Decorator George Stacey Recognized in New Book

March 29, 2014 | by Erin Riley

Interior designer Maureen Footer releases the first book on one of the most influential decorators of the 20th century, George Stacey.

George Stacey and the Creation of American Chic by Maureen Footer.

“His story mirrored the emergence of America as a world power,” says Maureen Footer on the subject of her new book from Rizzoli, George Stacey and the Creation of American Chic, which hits shelves April 1. This extravagant volume is the first on one of the most brilliant—and sparsely documented—decorators of the 20th century. It traces the path of his groundbreaking career—first as a student and antiques dealer in Paris studying decorative arts and living la vie bohème, then, upon his return to the United States, as the innovator of a new template of American chic that would inspire names like Sister Parish, Albert Hadley, and Mario Buatta.
In the 1930s, when American interior design was freeing itself from European models, George Stacey’s indifference toward convention resonated with the nation’s emerging tastes—particularly with those of “the smart set” who wanted something chic, effortless, and never seen before. “His confident spontaneity, willingness to mix, and use of ad hoc pieces precipitated today’s design environment where mixing and experimentation are givens,” says Footer. Stacey’s innate understanding to do just the right thing in just the right manner was “a link between American cultural deference to European classicism.”
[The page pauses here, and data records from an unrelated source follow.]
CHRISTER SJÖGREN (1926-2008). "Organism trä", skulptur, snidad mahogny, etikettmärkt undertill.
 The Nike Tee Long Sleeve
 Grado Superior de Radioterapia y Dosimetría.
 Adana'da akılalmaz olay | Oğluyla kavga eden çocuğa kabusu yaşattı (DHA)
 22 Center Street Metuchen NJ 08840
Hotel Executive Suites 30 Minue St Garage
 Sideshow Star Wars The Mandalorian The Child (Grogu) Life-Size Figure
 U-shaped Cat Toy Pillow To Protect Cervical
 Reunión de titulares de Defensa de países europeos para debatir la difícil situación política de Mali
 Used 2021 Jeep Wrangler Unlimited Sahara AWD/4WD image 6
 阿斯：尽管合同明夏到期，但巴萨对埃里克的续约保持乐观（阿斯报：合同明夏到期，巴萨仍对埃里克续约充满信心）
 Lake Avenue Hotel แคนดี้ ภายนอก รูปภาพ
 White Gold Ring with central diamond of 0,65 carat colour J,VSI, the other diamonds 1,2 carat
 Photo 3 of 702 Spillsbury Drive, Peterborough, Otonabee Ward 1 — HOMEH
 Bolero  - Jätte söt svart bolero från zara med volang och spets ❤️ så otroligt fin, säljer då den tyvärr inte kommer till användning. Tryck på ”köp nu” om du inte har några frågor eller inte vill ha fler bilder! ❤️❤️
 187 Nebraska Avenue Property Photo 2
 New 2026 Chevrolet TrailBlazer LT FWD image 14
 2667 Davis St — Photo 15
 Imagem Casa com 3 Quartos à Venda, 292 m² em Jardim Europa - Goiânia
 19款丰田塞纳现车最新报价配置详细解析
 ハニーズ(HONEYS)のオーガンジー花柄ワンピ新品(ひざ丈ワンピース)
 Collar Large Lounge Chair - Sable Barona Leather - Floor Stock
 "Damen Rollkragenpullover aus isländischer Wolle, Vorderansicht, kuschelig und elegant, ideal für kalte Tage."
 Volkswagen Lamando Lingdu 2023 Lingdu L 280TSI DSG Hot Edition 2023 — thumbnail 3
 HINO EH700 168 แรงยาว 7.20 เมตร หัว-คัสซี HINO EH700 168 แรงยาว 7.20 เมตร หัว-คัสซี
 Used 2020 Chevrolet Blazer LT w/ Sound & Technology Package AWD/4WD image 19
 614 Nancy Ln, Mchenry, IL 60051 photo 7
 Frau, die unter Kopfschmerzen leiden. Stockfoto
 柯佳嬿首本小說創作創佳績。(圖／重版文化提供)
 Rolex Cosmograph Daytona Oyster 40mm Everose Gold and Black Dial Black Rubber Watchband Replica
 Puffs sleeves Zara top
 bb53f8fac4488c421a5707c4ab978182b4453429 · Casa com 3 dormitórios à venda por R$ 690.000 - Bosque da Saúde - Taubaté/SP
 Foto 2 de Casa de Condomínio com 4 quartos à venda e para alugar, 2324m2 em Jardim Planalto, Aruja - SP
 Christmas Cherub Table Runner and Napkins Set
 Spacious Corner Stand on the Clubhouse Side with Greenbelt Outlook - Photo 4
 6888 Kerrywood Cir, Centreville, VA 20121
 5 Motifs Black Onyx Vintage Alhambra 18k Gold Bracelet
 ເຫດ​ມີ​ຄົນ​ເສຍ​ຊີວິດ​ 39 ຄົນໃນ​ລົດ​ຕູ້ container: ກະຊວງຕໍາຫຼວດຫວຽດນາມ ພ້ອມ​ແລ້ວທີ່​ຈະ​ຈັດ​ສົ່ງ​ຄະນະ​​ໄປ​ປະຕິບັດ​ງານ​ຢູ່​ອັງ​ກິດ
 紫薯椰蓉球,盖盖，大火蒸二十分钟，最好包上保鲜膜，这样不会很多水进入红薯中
While his name is closely associated with clients like the Astors, Whitneys, Warburgs, and Paleys, and such actresses as Grace Kelley and Ava Gardner, “over time one very important client was overlooked—ironically it was Diana Vreeland, the least forgettable person imaginable!” Footer exclaims. Vreeland, with her penchant for scouting out new talent, spotted Stacey shortly after his first commission, the art moderne Monticello on Long Island for the Ward Cheneys (pioneering silk manufacturers), and commissioned the 33-year-old decorator for her apartment at 400 Park Avenue. This was the start of a great friendship; for Stacey would go on to decorate her country home, as well as many of the backdrops for her Harper’s Bazaar fashion shoots.

Unlike legends William Pahlmann and Billy Baldwin, Stacey never released a book encapsulating his work. While this proved challenging for Footer, it also made for a fascinating journey. “There is no master archive where one might sit for a week and comb through boxes, all beautifully organized with a finding aid and sub files,” Footer explains. Instead, recreating Stacey meant scouring through town records, ship manifests, and army records, as well as paging through hundreds of back issues of Vogue, Harper’s Bazaar, and Town and Country and traveling to the British, Paris, and Monaco Palace archives.

For Footer, an experimental classicist herself, “understanding classical precepts and developing a connoisseur’s eye affords the freedom to reinterpret in an elegant and relevant manner.” After practicing design for six years, Footer traveled to Paris to study 18th-century French decorative arts and design at the École du Louvre. It was here that she honed her own highly regarded aesthetic. “I was trained to examine every object as a reflection of a culture, and assess its importance by how it progresses an idea,” says Footer, and it is for this reason that she chose George Stacey as the subject for her first book. “While design’s vocabulary changes over time, the grammar of good design endures and makes contemporary design better.”